The changes were announced in a circular issued on January 16, 2026, which replaces the existing 2015 capital regime and gives operators until June 30, 2027, to comply.
According to the SEC, the revised framework is designed to strengthen market resilience, eliminate undercapitalised operators and promote stronger governance across Nigeria’s capital market.
Under the new rules, brokers’ minimum capital has been raised from ₦200 million to ₦600 million, while dealers must now hold ₦1 billion, up from ₦100 million.
Broker-dealers face the sharpest increase, with requirements jumping from ₦300 million to ₦2 billion, reflecting their broader exposure to trading, execution and margin lending.
Fund and portfolio managers are now subject to a tiered structure. Firms managing assets above ₦20 billion must maintain ₦5 billion in capital, while mid-sized managers are required to hold ₦2 billion.
Private equity firms must now hold ₦500 million, while venture capital firms are required to maintain ₦200 million.
In addition, any firm managing over ₦100 billion in assets must hold capital equal to at least 10 per cent of assets under management, introducing a dynamic capital buffer tied to scale.
Digital asset operators, previously operating with limited oversight, are now fully captured under the new framework.
Digital exchanges and custodians must maintain ₦2 billion each, while tokenisation platforms and intermediaries face capital thresholds ranging from ₦500 million to ₦1 billion. Even robo-advisers must now meet a ₦100 million minimum.
Issuing houses offering full underwriting services must now hold ₦7 billion, while advisory-only firms require ₦2 billion.
New minimums have also been set for registrars (₦2.5 billion), trustees (₦2 billion) and underwriters (₦5 billion). Individual investment advisers must now maintain ₦10 million, ending the era of near-zero capital entry.

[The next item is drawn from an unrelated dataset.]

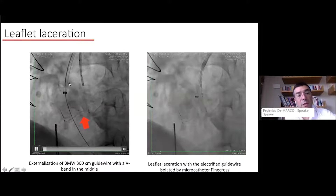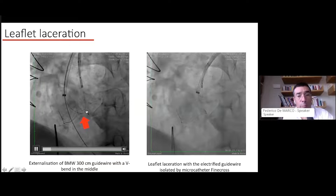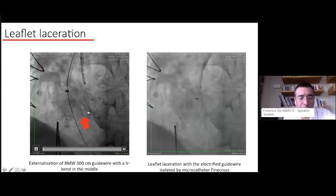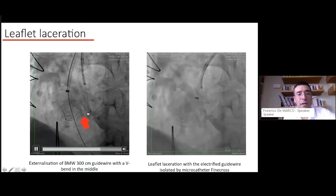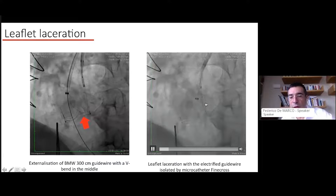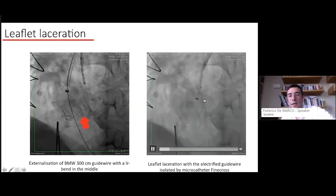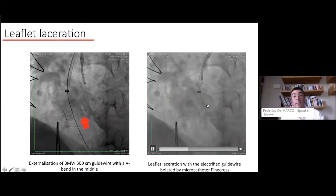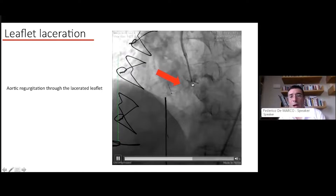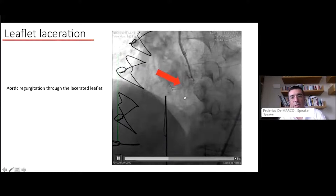Once your V-shape — formed by bending your 300cm wire with the cover scraped off — reaches the bottom of the leaflet, you are ready to deliver electric energy and perform the laceration. You generate energy at that point and two operators simultaneously pull both systems to lacerate the leaflet. The pulling force and energy required are both quite high. After transecting the leaflet, you can check with angiography.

Market infrastructure institutions face the highest thresholds, with composite exchanges and central counterparties required to hold ₦10 billion, while clearing houses must maintain ₦5 billion.
Analysts say the tougher requirements are likely to trigger consolidation across the market, as smaller operators struggle to meet the new thresholds. Some firms may downsize, merge or exit, while others seek strategic investors to survive.
For investors, the changes promise stronger protection, as better-capitalised firms are more capable of absorbing shocks and safeguarding client assets. For regulators, the move signals a shift towards fewer but stronger operators with deeper balance sheets and improved governance.